I Didn’t Think My Baby Was Cute
“You’re baby is just precious!” That’s what I tell parents when I don’t think their little one is attractive. Not cool? Well, what’s worse in my opinion is telling the truth—the ugly truth—when they force you to tell them what you think of their child who is still pink, bald or chaffing. Recently, a baby photo circulated on Instagram with a long trail of rude remarks. People called the infant names and joked that he looked like an old man and probably partied at nightclubs with his parents. So not nice! And so bad for karma! Growing up I always heard people say, “Don’t talk about someone’s baby’s looks or else your baby won’t look good!”
I never saw a baby that I thought was ugly. Babies are beautiful—each in their own unique way. Little bundles of joy and mini miracles. But when they first come out of your you know what, they aren’t always as cute as a button. When my daughter made her grand entrance into the world and the doctor held her up, I froze. I tilted my head slightly to the side and wondered if she really came from my uterus. She didn’t look like mom or dad. And he was the only person I was with for years before conceiving; I knew the paternity test would come back in my favor unlike the dozens of women on sleazy talk shows that I will never admit watching (never, I tell you!)

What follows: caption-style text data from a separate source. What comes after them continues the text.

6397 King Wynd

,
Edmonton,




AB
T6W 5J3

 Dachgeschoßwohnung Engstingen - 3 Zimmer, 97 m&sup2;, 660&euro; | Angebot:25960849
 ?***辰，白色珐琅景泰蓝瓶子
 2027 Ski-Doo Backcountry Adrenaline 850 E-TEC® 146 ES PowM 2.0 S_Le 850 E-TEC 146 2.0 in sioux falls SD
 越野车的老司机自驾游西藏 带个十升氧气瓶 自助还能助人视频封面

Although I wanted to immediately shed tears of joy and shout from the mountain tops that I had the most beautiful baby ever created next to sweet baby Jesus, I didn’t. I probably had a stupid look on my face as I wondered if my baby was cute. Becoming a mother in a matter of minutes (or 27 hours, depending on how you look at it) was shocking. I was shocked because I pushed another human being out of my body. I was shocked because no one told me the epidural would wear off. I was shocked that she didn’t look like anyone in the family and was much lighter than I ever expected. Her dad snapped a very awkward photo of her on the scale and text messaged it to my family in the waiting room. My sister later admitted that they pulled up the picture, and there was a silent pause.
This all lasted for about two minutes maybe while I was still in the bed debating silently—I dared not admit aloud that I was thinking about if she was as nice-looking as my nephew who people talked about years after his birth instead of if she had ten toes. Those two minutes seemed like a very vain lifetime. Then the doctor handed my child over to me, fresh and clean, with a head full of shiny black hair. She had long lashes, rosy cheeks and supermodel smizing eyes like Tyra Banks. She was absolutely and positively the prettiest girl I ever did see! But for a split second, I didn’t think she was hot stuff. I don’t think I ever told anyone this—not even my sister who was happy to learn that the not so photogenic picture of her niece was just an odd pose and bad lighting perhaps. Instead of saying, “She’s so precious,” she told me she was gorgeous.
Before you judge me, know I did know that she was healthy with a perfect Apgar score. But you should also know I’m not alone! A recent (although unscientific) poll suggests that a fifth of new parents are disappointed with how their baby looks and most suffer in silence. I suffered for seconds–and now blame it on two hours of pushing.
Did you think your baby was unattractive at first? Did you share your feelings with anyone other than your husband or partner?